Work instructions >> Each line of the entries that mentions the string "Storage" needs to be reported.

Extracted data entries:
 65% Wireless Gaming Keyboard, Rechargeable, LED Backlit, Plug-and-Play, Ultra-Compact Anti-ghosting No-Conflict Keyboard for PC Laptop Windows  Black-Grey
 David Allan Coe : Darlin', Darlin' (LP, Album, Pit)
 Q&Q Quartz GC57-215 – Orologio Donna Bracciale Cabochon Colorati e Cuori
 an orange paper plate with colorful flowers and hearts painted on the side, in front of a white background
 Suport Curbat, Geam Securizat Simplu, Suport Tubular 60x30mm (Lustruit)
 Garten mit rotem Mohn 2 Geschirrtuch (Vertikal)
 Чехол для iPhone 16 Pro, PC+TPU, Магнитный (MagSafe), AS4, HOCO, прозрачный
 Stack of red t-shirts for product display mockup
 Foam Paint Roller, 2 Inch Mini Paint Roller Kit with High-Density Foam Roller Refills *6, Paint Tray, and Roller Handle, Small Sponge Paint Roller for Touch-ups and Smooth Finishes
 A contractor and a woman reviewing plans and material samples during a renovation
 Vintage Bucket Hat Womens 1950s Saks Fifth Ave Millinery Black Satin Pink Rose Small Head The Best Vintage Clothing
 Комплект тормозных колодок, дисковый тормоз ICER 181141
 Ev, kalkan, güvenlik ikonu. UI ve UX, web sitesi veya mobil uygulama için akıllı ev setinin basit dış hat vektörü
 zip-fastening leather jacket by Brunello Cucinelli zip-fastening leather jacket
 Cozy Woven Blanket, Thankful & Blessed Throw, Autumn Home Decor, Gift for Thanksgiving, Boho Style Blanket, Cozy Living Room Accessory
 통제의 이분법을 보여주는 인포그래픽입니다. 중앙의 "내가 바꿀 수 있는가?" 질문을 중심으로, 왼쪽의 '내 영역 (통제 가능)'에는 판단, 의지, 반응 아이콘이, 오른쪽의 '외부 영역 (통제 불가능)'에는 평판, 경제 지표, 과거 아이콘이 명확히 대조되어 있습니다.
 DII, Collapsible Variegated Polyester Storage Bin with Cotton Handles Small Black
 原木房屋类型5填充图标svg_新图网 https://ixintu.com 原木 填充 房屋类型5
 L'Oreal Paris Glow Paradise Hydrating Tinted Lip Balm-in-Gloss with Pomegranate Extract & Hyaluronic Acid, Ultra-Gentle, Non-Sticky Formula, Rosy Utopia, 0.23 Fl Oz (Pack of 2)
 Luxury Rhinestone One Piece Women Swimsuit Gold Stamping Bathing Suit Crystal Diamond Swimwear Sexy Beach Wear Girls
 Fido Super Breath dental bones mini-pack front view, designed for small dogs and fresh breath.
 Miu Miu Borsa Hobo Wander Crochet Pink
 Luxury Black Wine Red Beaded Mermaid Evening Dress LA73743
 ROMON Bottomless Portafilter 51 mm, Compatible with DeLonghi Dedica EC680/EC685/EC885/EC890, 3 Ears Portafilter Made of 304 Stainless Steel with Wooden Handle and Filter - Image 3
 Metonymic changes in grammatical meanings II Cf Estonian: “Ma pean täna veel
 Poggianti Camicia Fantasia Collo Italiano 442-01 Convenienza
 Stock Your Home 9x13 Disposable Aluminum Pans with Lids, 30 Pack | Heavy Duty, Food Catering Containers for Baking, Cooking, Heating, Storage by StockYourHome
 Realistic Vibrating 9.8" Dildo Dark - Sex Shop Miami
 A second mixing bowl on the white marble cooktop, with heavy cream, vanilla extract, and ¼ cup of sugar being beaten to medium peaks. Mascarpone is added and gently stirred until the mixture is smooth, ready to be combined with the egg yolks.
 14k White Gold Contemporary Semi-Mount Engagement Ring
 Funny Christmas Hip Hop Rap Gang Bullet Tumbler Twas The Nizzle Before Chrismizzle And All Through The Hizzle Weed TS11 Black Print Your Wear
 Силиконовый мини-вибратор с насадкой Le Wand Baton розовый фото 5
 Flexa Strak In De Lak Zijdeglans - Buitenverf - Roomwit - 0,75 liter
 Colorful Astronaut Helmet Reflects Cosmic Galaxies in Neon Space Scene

Output for this task >>
 DII, Collapsible Variegated Polyester Storage Bin with Cotton Handles Small Black
 Stock Your Home 9x13 Disposable Aluminum Pans with Lids, 30 Pack | Heavy Duty, Food Catering Containers for Baking, Cooking, Heating, Storage by StockYourHome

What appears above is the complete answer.